**GIVEN RECORDS:**
= = = =

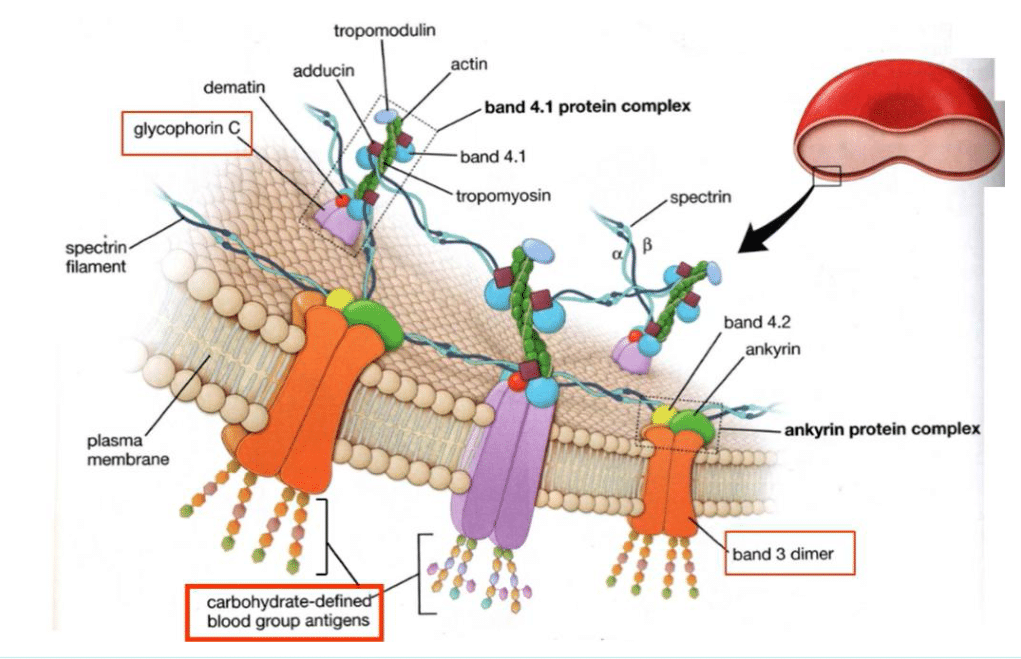 Squelette membranaire de l'hématie : réseau de spectrine ancré par l'ankyrine et la band 3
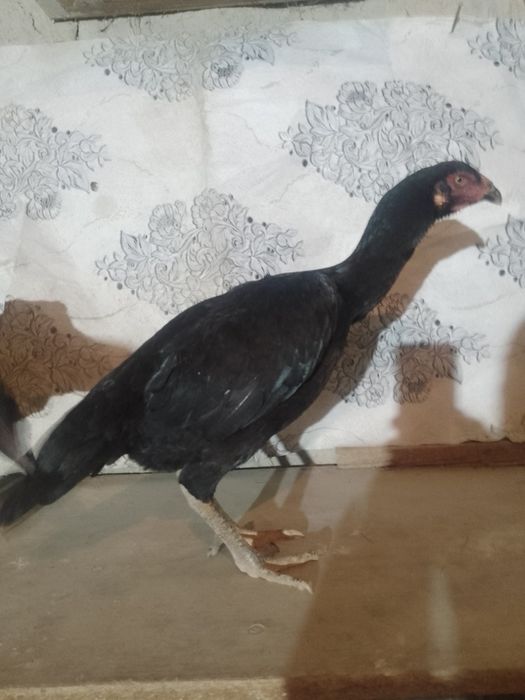 Жожа мокйонла сотилади кора тойла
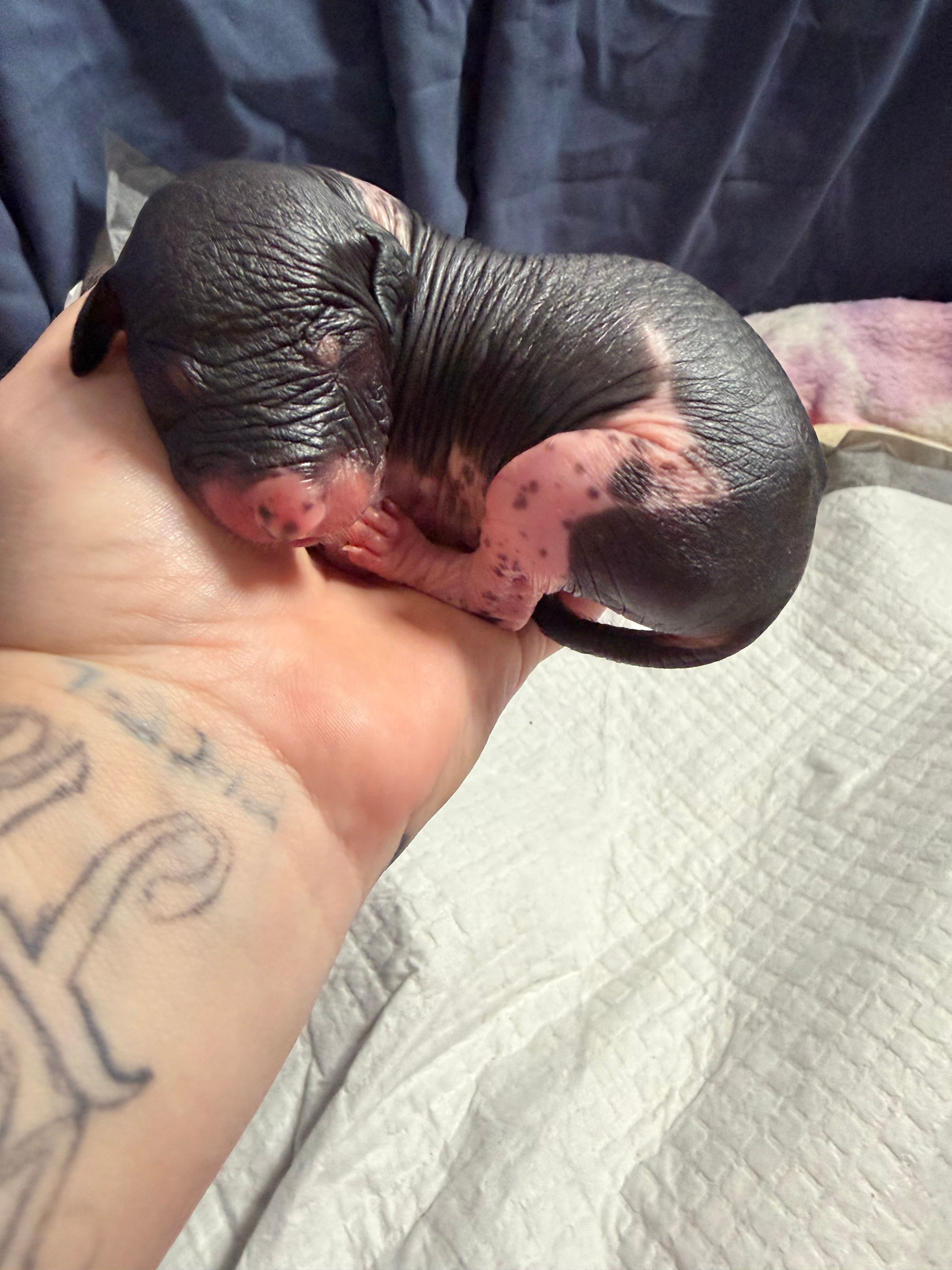 Chunky Monkey  – Xoloitzcuintli puppy for sale in Manitowoc, WI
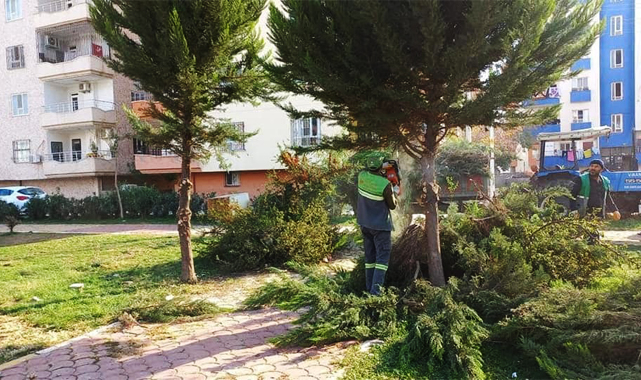 Viranşehir’de ağaçlar budanıyor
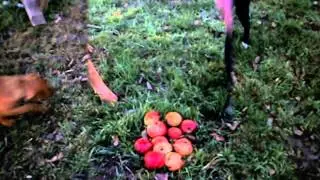 Psia Kuźnia - veggie dogs :)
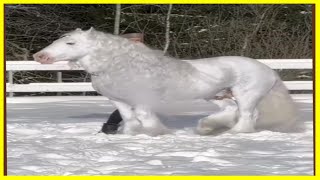 The elegant snow white horse, the most beautiful white horse you can see, the most beautiful snow ho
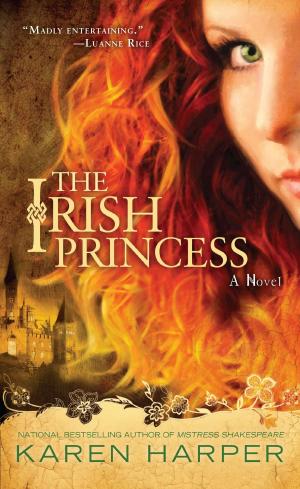 Cover of the book The Irish Princess by Russ Roberts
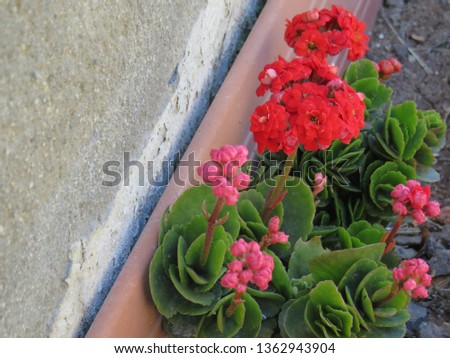 Flower pot, picture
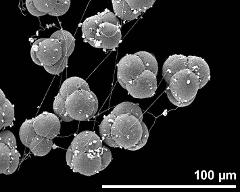 hydrated tetrads with viscin threads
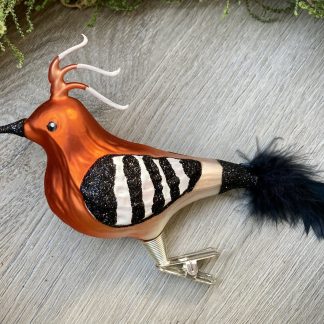 Hoopoe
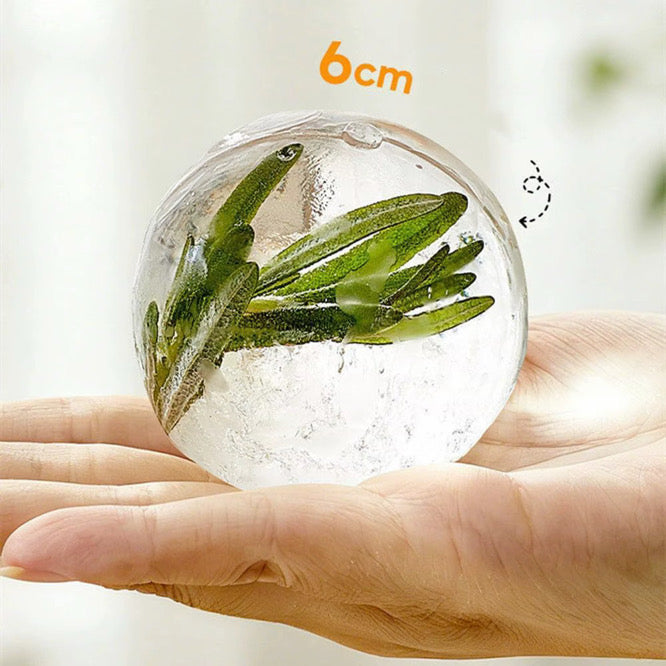 2 in 1 Ice Ball Maker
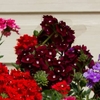 Trailing Verbena Royal Purple Eye X 5 Plants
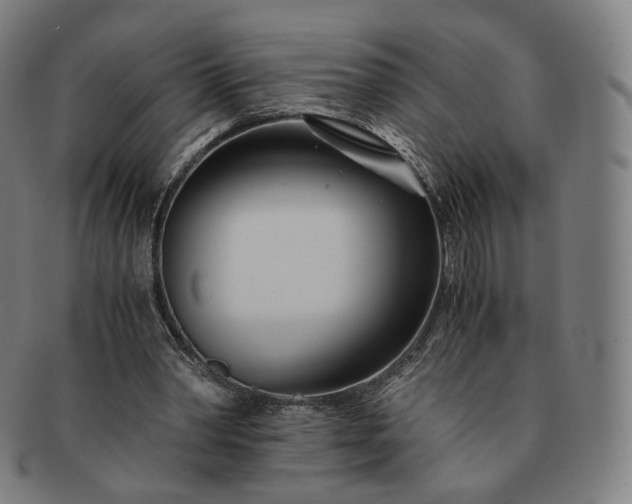 X0000091300390200708241056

= = = =

**ASSIGNED TASK:** Leaving out all pictures, retype exactly the lines that run from the one containing "2 in 1 Ice Ball Maker" through the last line of the material.

**ANSWER TO THIS EXERCISE:**
 2 in 1 Ice Ball Maker
 Trailing Verbena Royal Purple Eye X 5 Plants
 X0000091300390200708241056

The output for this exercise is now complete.